Add newlines to Firehose transform lambda

If you want to use a lambda to transform data being sent to a Firehose, the recommended “blueprint” looks something like this:

def lambda_handler(event, context):
    output = []

    for record in event['records']:
        payload = base64.b64decode(record['data']).decode('utf-8')

        # Do custom processing on the payload here

        output_record = {
            'recordId': record['recordId'],
            'result': 'Ok',
            'data': base64.b64encode(payload.encode('utf-8')).decode('utf-8')
        }
        output.append(output_record)

    return {'records': output}

which works perfectly, unless you want to later query the records stored in S3 using Athena. Then you discover that because the serialized json is not newline separated, you’re up shit creek.

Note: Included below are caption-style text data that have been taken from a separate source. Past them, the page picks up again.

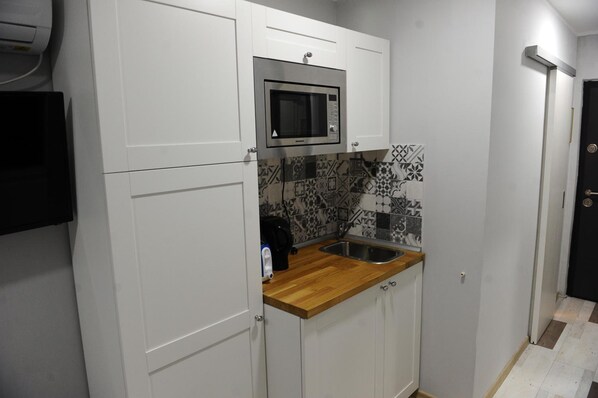 A compact kitchen with white cabinets, a microwave, a sink, and patterned backsplash tiles.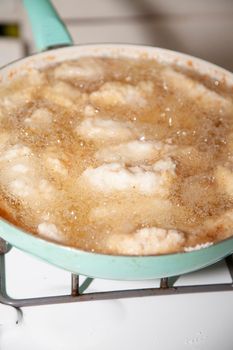 Close up of breaded chicken strips frying in a pan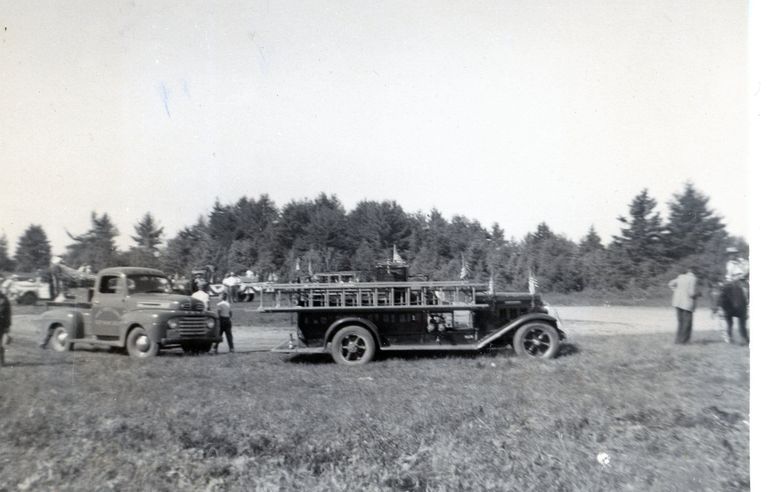          Dennysville Fire Truck at the Ball Diamond, Edmunds, Maine, on the Fourth of July, 1951.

The secret is to add the newline, after processing:

r = {
        'recordId': record['recordId'],
        'result': 'Ok',
        'data': base64.b64encode(json.dumps(data).encode() + b'\n').decode("utf-8")
    }

Using docker, instead of virtualenv

If you fancy a change, you just need a Dockerfile:

FROM python:3.7

RUN pip install pytest
COPY requirements.txt  .
RUN  pip3 install -r requirements.txt

and a pytest.ini, in the root (don’t ask):

[pytest]
pythonpath = .

Then you can build the image:

docker build -t foo .

And run the tests:

docker run -it --rm -v $PWD:/app -w /app foo pytest tests/

Or run the app locally, e.g. a lambda func:

docker run -it --rm -v $PWD:/app -w /app -e PGHOST=... -e PGUSER=... -e PGPASSWORD=... foo python -c 'import app; app.bar(None, None)'

Is it better? Probably not, you’re just swapping one set of problems for a different set 🤷